# Guajillo marinated venison tenderloin street tacos



## 73saint (Dec 17, 2020)

These came out so good, I can’t wait to make them again.   While processing my buck, I always keep the loins and cook them fresh.  Last night was no different.  I bought some dried Guajillo chili’s, toasted and rehydrated, blended w some garlic, olive oil, steeped water, salt, lime. Then I strained the skin and seeds.  This sauce was good on its own and the color...just gorgeous.
Took some of the sauce and tossed it into a bag with the tenderloins.  Later that night I got the Weber fired up, chopped some onion-cilantro-added lime juice, along with some jalapeño cheese we bought from the market.  Real simple but delish!


----------



## Sowsage (Dec 17, 2020)

Heck yeah!
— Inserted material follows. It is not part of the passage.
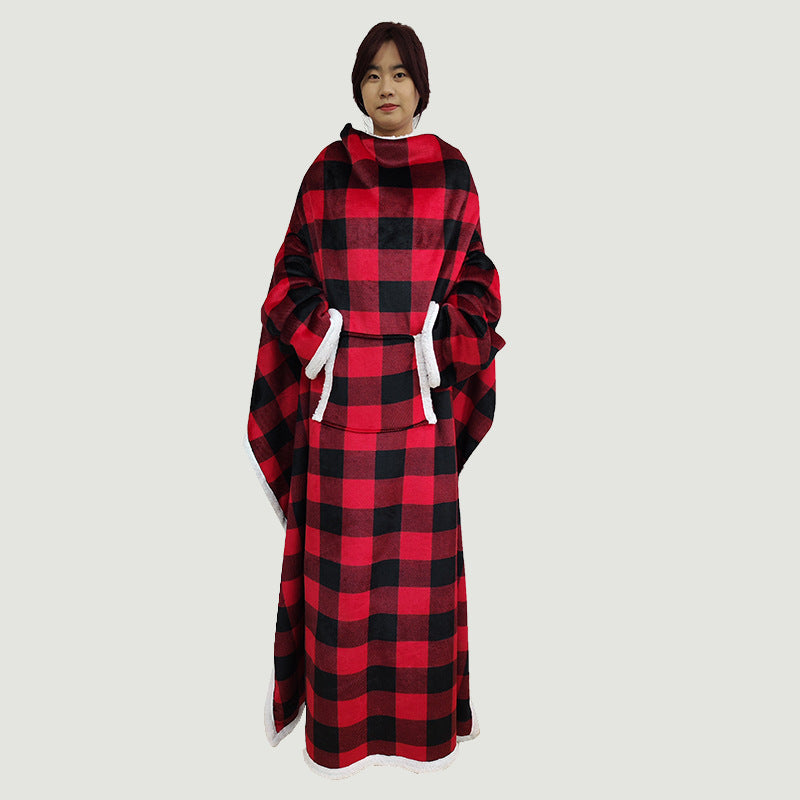 Dame Koseslørd Oversized Poncho Teppet Skanto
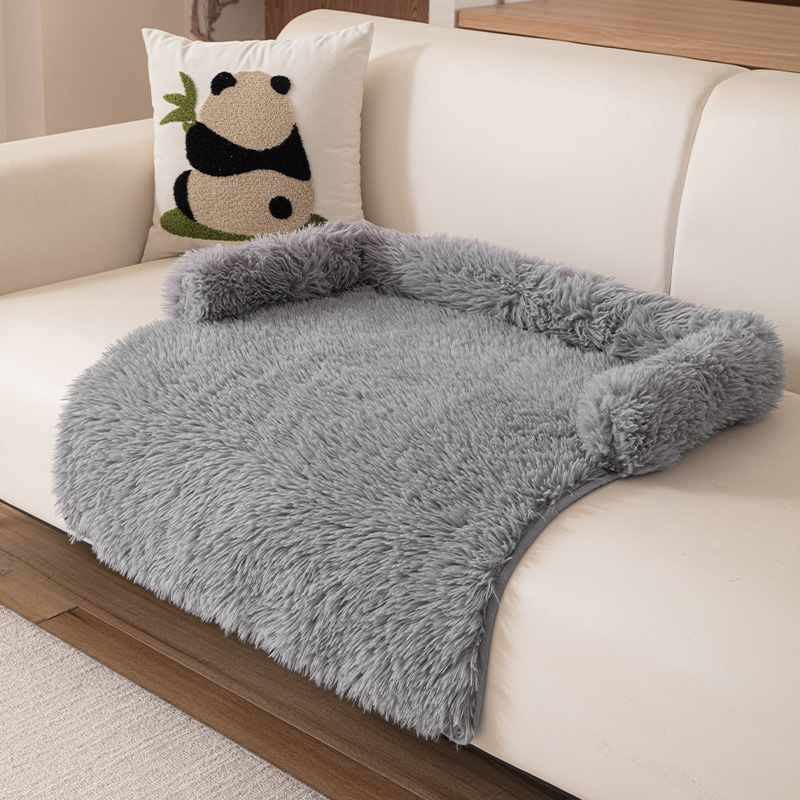 Plush Dog Bed Sofa Pet Mat For Warmth In Fall And Winter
That sauce is beautiful! I bet those tacos didnt last long! All flavors I love!


----------



## SmokinVOLfan (Dec 17, 2020)

God bless you man. That looks delicious! I need that sauce in my life. Joe 

 xray
 makes something similar and it has been on my to do list for quite awhile. Big like Saint. Nailed it!


----------



## 73saint (Dec 17, 2020)

Thanks y'all.  I don't know how I screwed up the pic upload.  That sauce is Boss!


----------



## JLeonard (Dec 17, 2020)

Looks darn good!
Jim


----------



## GaryHibbert (Dec 17, 2020)

Looks real fine to me.  I'll take a plate, please.
Gary


----------



## SmokinAl (Dec 17, 2020)

Dang that looks good!
Al


----------



## HalfSmoked (Dec 17, 2020)

Nice looking deal there guy.

Warren


----------



## TNJAKE (Dec 17, 2020)

Man yeah that looks amazing. Got me drooling


----------



## HalfSmoked (Dec 17, 2020)

Thanks for the like saint it is appreciated.

Warren


----------



## Brokenhandle (Dec 17, 2020)

That looks like perfection to me! Loins looked beautiful and so did the sauce. 

Very nice!
Ryan


----------



## crazymoon (Dec 17, 2020)

73S, Very, very ,very NICE!


----------



## 73saint (Dec 17, 2020)

Thanks again guys.  I'm going to start using that guajillo sauce more often.  It's superb!


----------